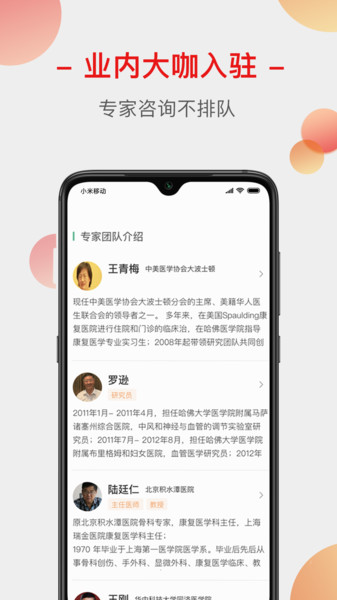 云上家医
□ □ □ □ □ □ □
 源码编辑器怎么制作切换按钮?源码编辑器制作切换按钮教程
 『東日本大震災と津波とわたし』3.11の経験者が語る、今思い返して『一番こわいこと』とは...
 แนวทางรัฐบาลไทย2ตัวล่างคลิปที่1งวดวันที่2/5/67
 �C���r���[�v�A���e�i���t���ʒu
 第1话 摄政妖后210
□ □ □ □ □ □ □
> **AIM OF THE TASK**: Every line above from the line with "源码编辑器怎么制作切换按钮?源码编辑器制作切换按钮教程" to the line with "第1话 摄政妖后210" is wanted, ends included; write them out exactly and add no other line.

> **RESPONSE AREA**:
 源码编辑器怎么制作切换按钮?源码编辑器制作切换按钮教程
 『東日本大震災と津波とわたし』3.11の経験者が語る、今思い返して『一番こわいこと』とは...
 แนวทางรัฐบาลไทย2ตัวล่างคลิปที่1งวดวันที่2/5/67
 �C���r���[�v�A���e�i���t���ʒu
 第1话 摄政妖后210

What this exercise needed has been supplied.